Each iteration i writes to elements i and n+1-i at opposite ends of the array but i never passes the midpoint n/2, hence the loop is conflict free (with respect to array accesses).

The program can be analysed with the command

$ psyclone -s analyse.py -o /dev/null examples/reverse.f90

which yields the following output.

Routine: reverse
  Loop i: conflict free

If we change the upper bound of i from n/2 to n we get:

Routine: reverse
  Loop i: conflicts

Example 2: Knuth's Odd/Even Transposition

The routine in odd_even_trans.f90, from Knuth's Odd/Even Transposition Sorter, is as follows.

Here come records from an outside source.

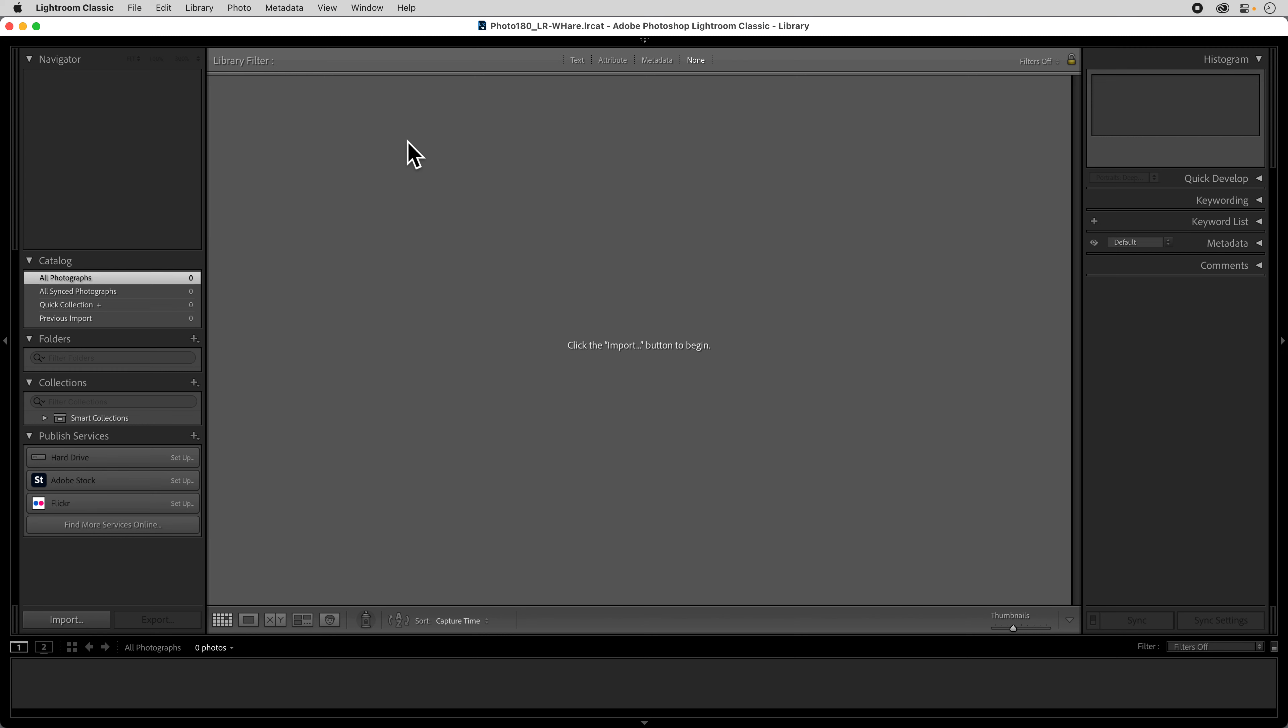And then you can close that out. And now we have Lightroom set up in the way that we want to use Lightroom. Or in a way that's going to make the most sense for us to use Lightroom. And now we're ready to get to work.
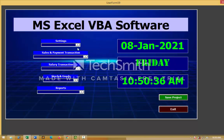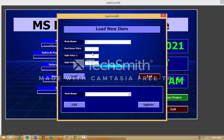Look at this MS Excel VBA software — a lot of options are there. Starting first of all, there's a settings option. Under new items, if I click on this, it will show a user form to load a new item — I mean to say about the products. Under new items, you can write any kinds of products, as clothing. You can write Samsung mobile, and you can write the price also.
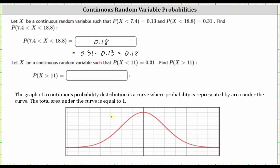For the second part, x is again a continuous random variable. Now the probability that x is less than 11 is equal to 0.31. We're asked to find the probability that x is greater than 11. Let's assume 11 is here. Since the probability that x is less than 11 is equal to 0.31, the area under the curve to the left of 11 is equal to 0.31 — this orange area.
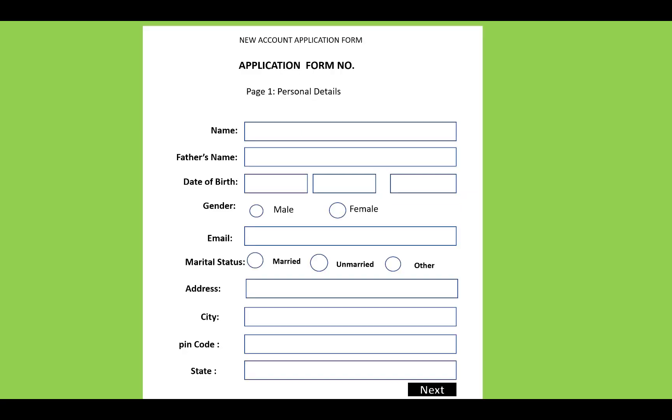In the sign up option, we have an application form where personal details will be entered: name, father's name, date of birth, gender, email, marital status, address, city, pin code, and state.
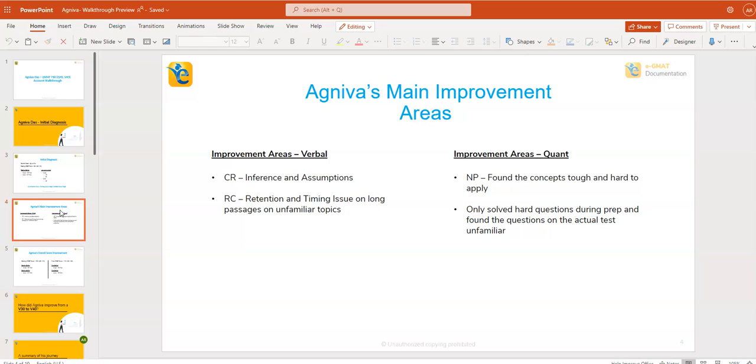In critical reasoning, he was not able to solve inference and assumption type questions. In reading comprehension, his retention was a problem. He was also taking a lot of time for solving long passages on unfamiliar topics. Number properties gave him a real hard time because he found that the concepts are really a bit more tougher, and then applying those concepts became really hard for him.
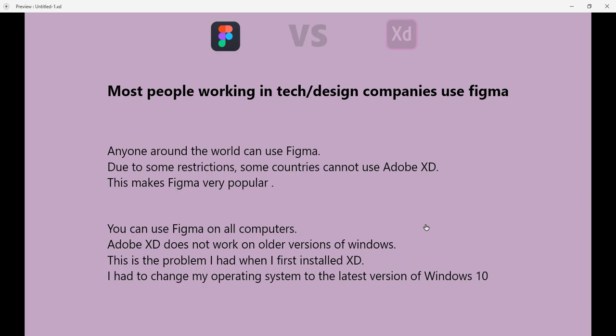Adobe XD does not work on older versions of Windows, and I have personal experience with this. This is the first problem I had when I installed Adobe XD. I had to change my operating system from Windows 8 to the latest version of Windows 10, which can be a little bit difficult, especially if you have some constraints and you really need to use a design software.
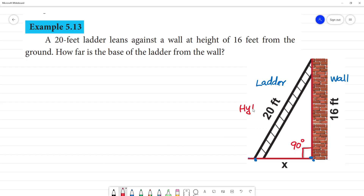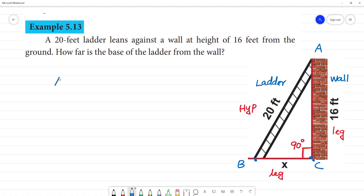This is the hypotenuse, this is a leg side, and this is a leg side. According to the Pythagorean theorem, we mark the points A, B, and C. AB square is equal to AC square plus BC square. This is the Pythagorean theorem.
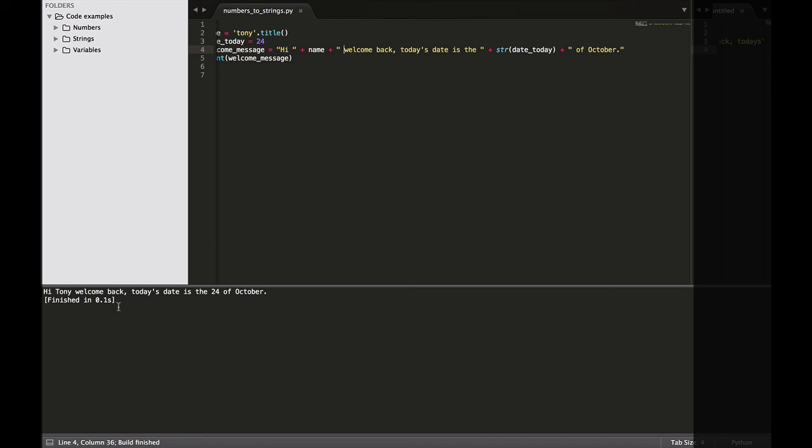Hi, Tony. Welcome back. Today's date is the 24th of October. Now Python knows that we want to convert the variable value of 24 to a string and display the characters 2, 4.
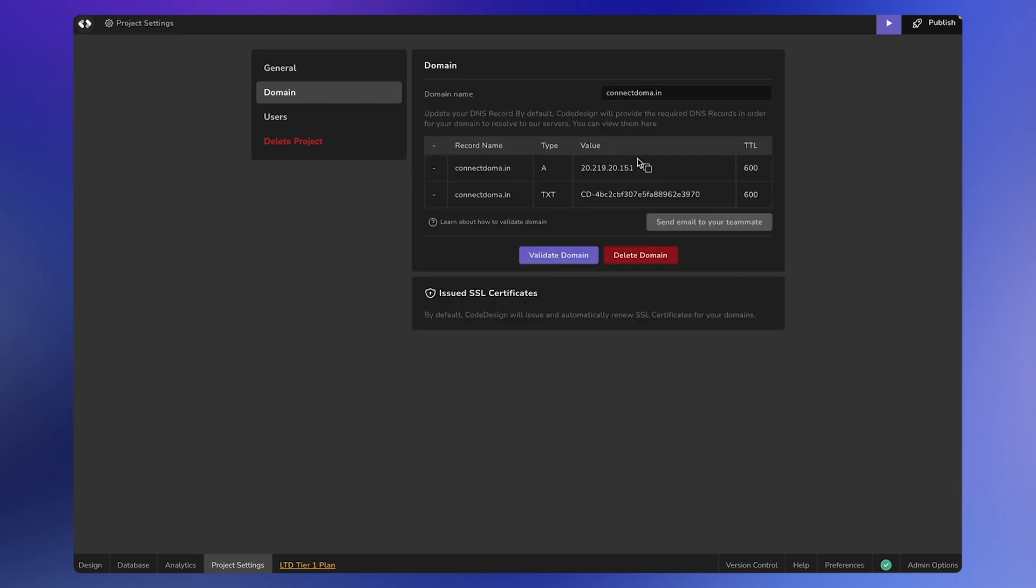This will provide you with two values: DNS records of type A and TXT, which you need to paste into your domain registrar.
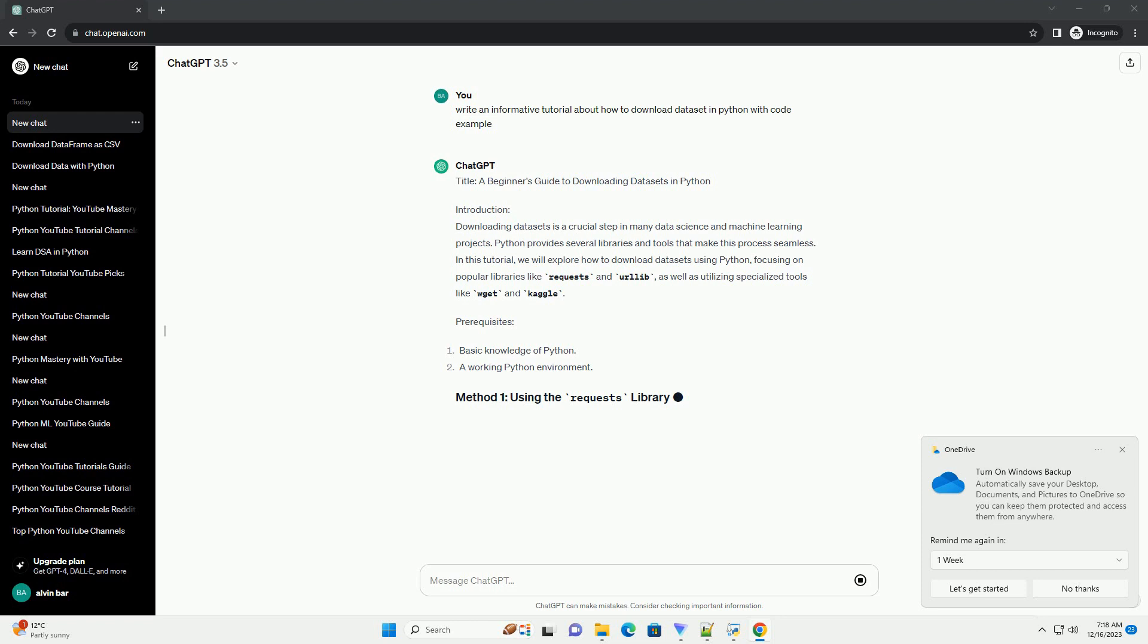Congratulations! You have successfully learned how to download a dataset in Python using the Requests library. This tutorial provides a basic example, and you can adapt it for various datasets available online. Remember to explore other Python libraries like Pandas for data manipulation and analysis once you have your dataset ready. Happy coding!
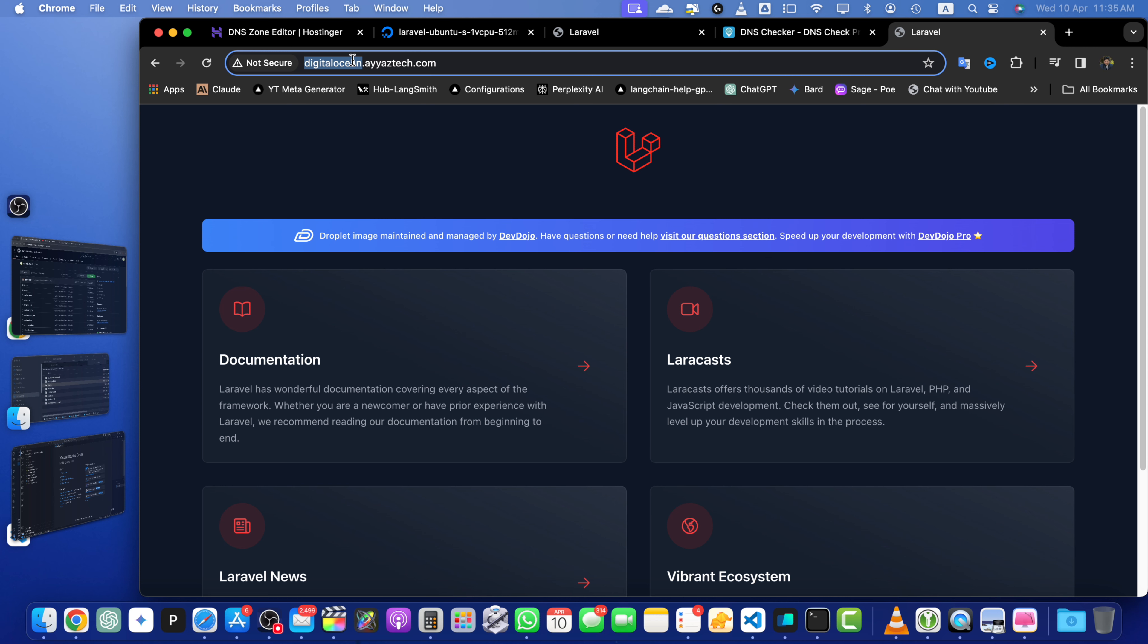And there you have it. You have successfully linked your DigitalOcean droplet with your Hostinger domain using DNS records. Now your Laravel app is accessible through your own custom domain.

subroutine odd_even_transposition(arr, start)
  integer , intent(inout) :: arr(:)
  integer, intent(in) :: start
  integer :: i, tmp
  do i = start, size(arr)-1, 2
    if (arr(i) > arr(i+1)) then
      tmp = arr(i+1)
      arr(i+1) = arr(i)
      arr(i) = tmp
    end if
  end do
end subroutine

It swaps adjacent array elements from a given starting point, but the loop has a step size of 2 making it conflict free.

The analysis gives:

Routine: odd_even_transposition
  Loop i: conflict free

Example 3: Tiled Matrix Multiplication

The routine in matmul.f90 is an implementation of matrix multplication that has been tiled using PSyclone's LoopTilingTrans.

subroutine my_matmul(a, b, c)
  integer, dimension(:,:), intent(in) :: a
  integer, dimension(:,:), intent(in) :: b
  integer, dimension(:,:), intent(out) :: c
  integer :: x, y, k, k_tile, x_tile, y_tile

  c(:,:) = 0
  do y_tile = 1, size(a, 2), 8
    do x_tile = 1, size(b, 1), 8
      do k_tile = 1, size(a, 1), 8
        do y = y_tile, min(y_tile + (8 - 1), size(a, 2)), 1
          do x = x_tile, min(x_tile + (8 - 1), size(b, 1)), 1
            do k = k_tile, min(k_tile + (8 - 1), size(a, 1)), 1
              c(x,y) = c(x,y) + a(k,y) * b(x,k)
            enddo
          enddo
        enddo
      enddo
    enddo
  enddo
end subroutine my_matmul

Unfortunately, after tiling, PSyclone is unable to detect the loops that can be parallelised. It gives the error:

Error: The write access to 'c(x,y)' and the read access to 'c(x,y)' are dependent and cannot be parallelised.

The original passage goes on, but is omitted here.